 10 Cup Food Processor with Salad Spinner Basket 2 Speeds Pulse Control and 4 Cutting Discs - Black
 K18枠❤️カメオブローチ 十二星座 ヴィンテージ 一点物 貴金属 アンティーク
.....
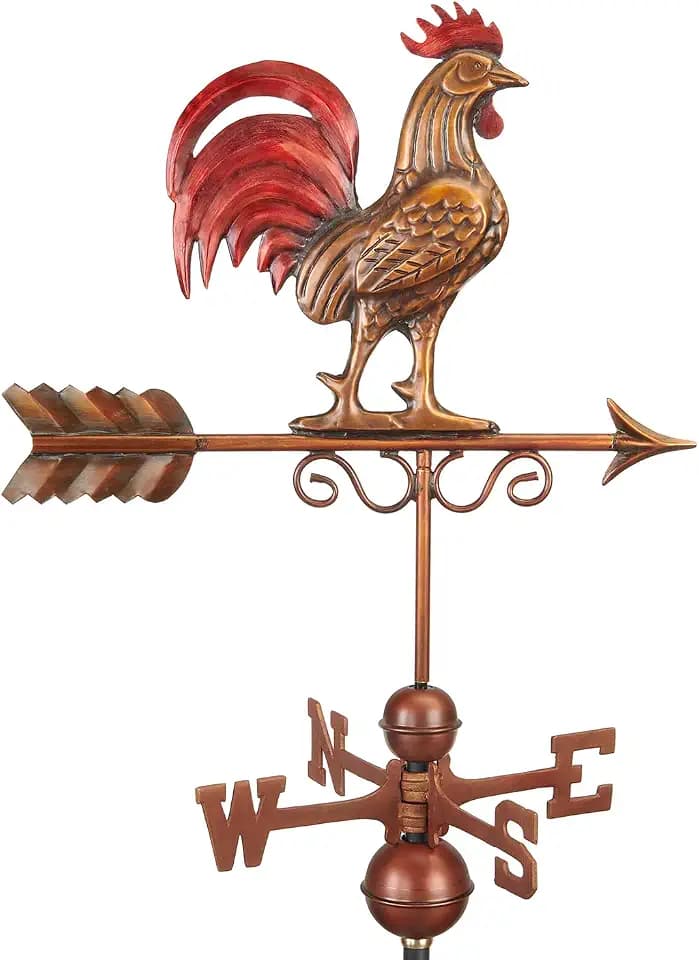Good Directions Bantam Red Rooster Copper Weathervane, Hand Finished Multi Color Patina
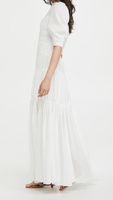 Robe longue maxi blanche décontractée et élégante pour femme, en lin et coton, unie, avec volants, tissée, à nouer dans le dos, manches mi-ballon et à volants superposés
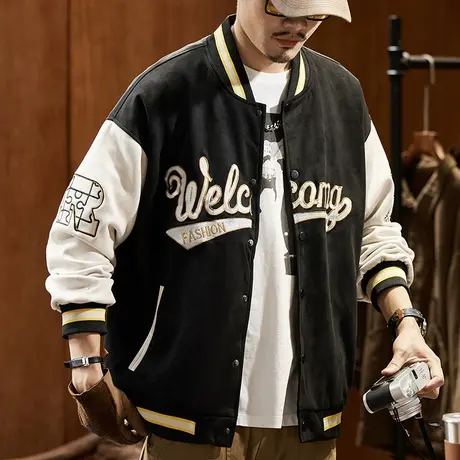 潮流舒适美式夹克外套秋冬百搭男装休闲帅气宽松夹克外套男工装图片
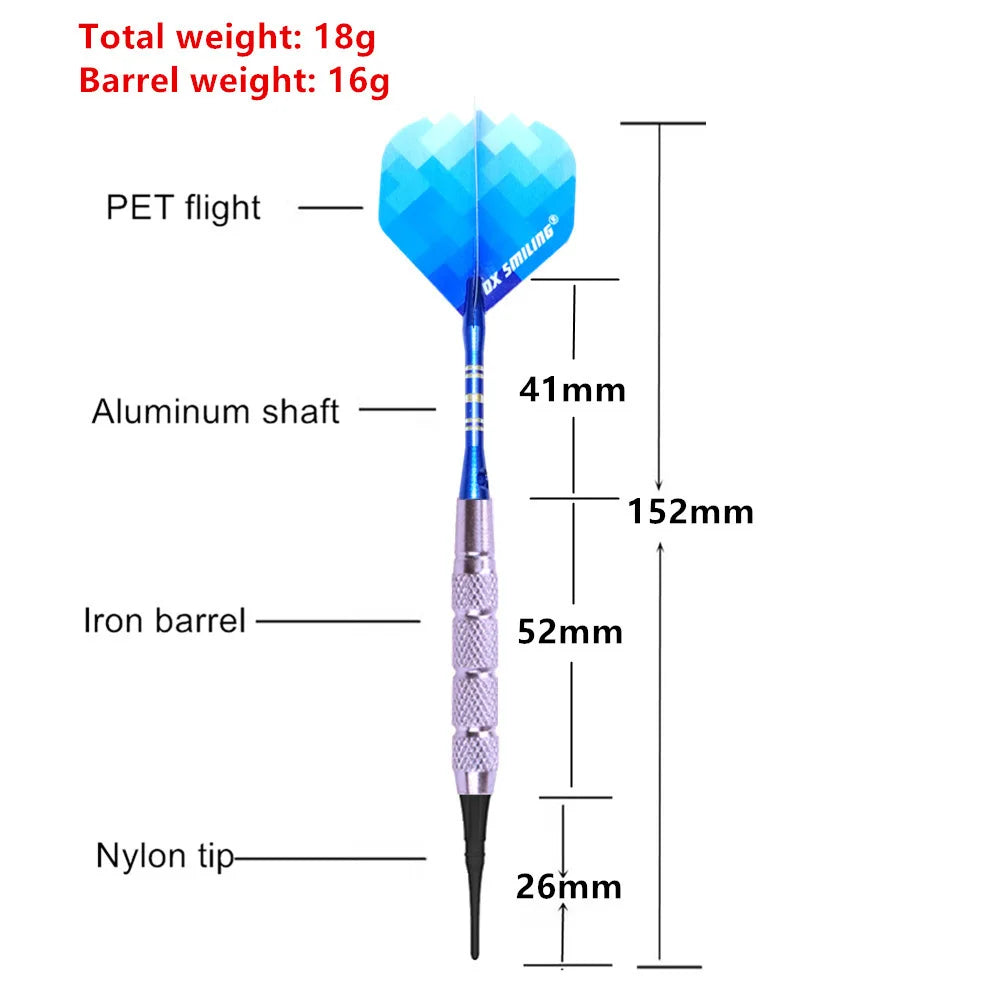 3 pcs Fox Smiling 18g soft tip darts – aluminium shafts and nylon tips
.....
* **THE PROBLEM**: Look back at the data above. Transcribe exactly the lines starting at the line that contains "10 Cup Food" and ending at the line that contains "K18枠❤️カメオブローチ 十二星座 ヴィンテージ 一点物 貴金属 アンティーク".

* **EXPECTED ANSWER**:
 10 Cup Food Processor with Salad Spinner Basket 2 Speeds Pulse Control and 4 Cutting Discs - Black
 K18枠❤️カメオブローチ 十二星座 ヴィンテージ 一点物 貴金属 アンティーク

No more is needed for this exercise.